**Exercise**
Hunt for the word "вышивки" across the entries below, copying each line that holds it.

--- --- ---

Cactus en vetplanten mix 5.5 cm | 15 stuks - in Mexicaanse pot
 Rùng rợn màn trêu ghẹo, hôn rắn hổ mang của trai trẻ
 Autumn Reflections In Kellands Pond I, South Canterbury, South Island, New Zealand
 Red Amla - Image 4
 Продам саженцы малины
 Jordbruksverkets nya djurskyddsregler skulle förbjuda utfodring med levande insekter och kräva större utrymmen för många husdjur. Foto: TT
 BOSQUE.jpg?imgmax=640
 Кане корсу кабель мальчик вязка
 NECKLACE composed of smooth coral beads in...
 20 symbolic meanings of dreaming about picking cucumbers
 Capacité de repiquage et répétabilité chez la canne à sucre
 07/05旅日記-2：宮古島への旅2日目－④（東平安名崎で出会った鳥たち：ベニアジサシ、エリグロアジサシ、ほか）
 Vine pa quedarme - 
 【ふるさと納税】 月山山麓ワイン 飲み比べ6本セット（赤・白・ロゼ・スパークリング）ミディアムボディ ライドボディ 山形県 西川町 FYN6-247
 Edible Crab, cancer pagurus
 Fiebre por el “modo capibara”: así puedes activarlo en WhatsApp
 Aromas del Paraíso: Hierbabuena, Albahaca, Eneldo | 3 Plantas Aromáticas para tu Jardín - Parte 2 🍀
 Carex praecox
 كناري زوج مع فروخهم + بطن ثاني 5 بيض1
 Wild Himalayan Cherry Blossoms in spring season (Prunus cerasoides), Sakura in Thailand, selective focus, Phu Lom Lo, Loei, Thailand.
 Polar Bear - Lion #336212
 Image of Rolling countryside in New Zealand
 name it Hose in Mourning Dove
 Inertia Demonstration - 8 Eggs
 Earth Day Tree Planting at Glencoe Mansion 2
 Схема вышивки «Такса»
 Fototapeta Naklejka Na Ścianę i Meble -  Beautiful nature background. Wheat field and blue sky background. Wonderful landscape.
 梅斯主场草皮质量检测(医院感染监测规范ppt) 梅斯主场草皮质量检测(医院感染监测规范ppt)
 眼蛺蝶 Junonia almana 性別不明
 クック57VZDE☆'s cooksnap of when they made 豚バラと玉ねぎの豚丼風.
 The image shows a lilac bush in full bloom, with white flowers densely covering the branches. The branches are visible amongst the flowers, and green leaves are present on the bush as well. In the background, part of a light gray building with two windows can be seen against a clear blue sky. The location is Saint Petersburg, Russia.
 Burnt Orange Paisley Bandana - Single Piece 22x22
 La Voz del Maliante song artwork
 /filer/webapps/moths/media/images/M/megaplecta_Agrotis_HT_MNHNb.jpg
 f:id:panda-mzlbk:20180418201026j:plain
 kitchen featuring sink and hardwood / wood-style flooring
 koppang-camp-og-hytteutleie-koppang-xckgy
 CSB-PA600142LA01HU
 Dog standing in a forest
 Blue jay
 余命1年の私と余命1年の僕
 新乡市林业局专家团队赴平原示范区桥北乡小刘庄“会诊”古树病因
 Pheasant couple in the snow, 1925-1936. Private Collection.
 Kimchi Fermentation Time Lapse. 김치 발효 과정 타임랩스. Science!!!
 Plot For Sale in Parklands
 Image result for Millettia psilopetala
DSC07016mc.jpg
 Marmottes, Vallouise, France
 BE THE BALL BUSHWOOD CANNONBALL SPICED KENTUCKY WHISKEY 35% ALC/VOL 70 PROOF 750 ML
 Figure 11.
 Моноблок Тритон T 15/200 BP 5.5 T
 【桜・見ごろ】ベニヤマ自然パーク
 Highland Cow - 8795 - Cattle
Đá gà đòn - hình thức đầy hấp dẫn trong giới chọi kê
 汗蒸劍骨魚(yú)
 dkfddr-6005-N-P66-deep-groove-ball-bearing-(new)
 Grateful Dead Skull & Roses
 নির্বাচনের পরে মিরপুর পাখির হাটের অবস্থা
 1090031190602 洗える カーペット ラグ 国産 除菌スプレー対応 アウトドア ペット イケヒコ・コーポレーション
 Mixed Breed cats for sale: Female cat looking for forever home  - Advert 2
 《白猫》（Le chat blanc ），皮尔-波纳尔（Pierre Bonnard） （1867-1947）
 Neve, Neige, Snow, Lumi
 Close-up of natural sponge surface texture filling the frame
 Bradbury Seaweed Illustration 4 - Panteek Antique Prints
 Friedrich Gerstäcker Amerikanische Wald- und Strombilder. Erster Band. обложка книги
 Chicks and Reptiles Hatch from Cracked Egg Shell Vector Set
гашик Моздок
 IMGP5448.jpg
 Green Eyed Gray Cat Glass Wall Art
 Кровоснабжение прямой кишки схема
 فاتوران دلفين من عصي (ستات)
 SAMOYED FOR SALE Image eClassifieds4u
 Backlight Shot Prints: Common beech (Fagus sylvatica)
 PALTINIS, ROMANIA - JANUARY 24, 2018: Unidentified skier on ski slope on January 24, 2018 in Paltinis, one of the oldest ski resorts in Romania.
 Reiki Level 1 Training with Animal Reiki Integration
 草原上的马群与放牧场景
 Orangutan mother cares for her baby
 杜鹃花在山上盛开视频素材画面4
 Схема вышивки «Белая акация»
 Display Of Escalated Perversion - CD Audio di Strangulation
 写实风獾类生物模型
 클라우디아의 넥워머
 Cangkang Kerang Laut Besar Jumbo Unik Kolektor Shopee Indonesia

--- --- ---

**Exercise solution**
 Схема вышивки «Такса»
 Схема вышивки «Белая акация»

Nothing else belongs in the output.